#### Your goal:
The lines from the start of the records through the one containing "PLACA CACHARRO PARA BOTELLA 7CM L" are to be restated word for word; please include both ends.

#### The records:
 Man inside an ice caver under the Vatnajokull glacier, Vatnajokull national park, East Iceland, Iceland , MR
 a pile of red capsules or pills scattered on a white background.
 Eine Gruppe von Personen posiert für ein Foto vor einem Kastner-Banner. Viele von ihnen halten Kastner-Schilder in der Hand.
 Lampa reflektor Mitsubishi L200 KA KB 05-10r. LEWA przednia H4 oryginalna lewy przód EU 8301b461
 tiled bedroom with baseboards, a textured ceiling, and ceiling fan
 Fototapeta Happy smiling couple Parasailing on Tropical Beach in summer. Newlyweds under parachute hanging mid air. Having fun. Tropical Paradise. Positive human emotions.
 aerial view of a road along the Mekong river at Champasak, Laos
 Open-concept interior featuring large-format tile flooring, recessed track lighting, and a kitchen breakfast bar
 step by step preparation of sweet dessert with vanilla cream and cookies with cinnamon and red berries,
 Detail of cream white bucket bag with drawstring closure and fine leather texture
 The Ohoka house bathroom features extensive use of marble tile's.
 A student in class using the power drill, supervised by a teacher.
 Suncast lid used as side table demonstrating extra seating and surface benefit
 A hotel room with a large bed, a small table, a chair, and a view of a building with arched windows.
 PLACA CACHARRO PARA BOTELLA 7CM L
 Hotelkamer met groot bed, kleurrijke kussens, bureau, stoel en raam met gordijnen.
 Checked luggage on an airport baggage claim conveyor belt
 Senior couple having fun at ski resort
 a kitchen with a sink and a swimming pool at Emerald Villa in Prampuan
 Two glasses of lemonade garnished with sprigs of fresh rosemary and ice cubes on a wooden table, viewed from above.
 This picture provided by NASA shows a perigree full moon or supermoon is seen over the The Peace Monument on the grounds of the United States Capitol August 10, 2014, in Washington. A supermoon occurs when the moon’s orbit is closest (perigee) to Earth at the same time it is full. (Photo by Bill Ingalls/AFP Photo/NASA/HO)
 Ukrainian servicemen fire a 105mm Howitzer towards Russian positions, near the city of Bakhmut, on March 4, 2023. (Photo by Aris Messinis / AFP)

#### Problem solution:
 Man inside an ice caver under the Vatnajokull glacier, Vatnajokull national park, East Iceland, Iceland , MR
 a pile of red capsules or pills scattered on a white background.
 Eine Gruppe von Personen posiert für ein Foto vor einem Kastner-Banner. Viele von ihnen halten Kastner-Schilder in der Hand.
 Lampa reflektor Mitsubishi L200 KA KB 05-10r. LEWA przednia H4 oryginalna lewy przód EU 8301b461
 tiled bedroom with baseboards, a textured ceiling, and ceiling fan
 Fototapeta Happy smiling couple Parasailing on Tropical Beach in summer. Newlyweds under parachute hanging mid air. Having fun. Tropical Paradise. Positive human emotions.
 aerial view of a road along the Mekong river at Champasak, Laos
 Open-concept interior featuring large-format tile flooring, recessed track lighting, and a kitchen breakfast bar
 step by step preparation of sweet dessert with vanilla cream and cookies with cinnamon and red berries,
 Detail of cream white bucket bag with drawstring closure and fine leather texture
 The Ohoka house bathroom features extensive use of marble tile's.
 A student in class using the power drill, supervised by a teacher.
 Suncast lid used as side table demonstrating extra seating and surface benefit
 A hotel room with a large bed, a small table, a chair, and a view of a building with arched windows.
 PLACA CACHARRO PARA BOTELLA 7CM L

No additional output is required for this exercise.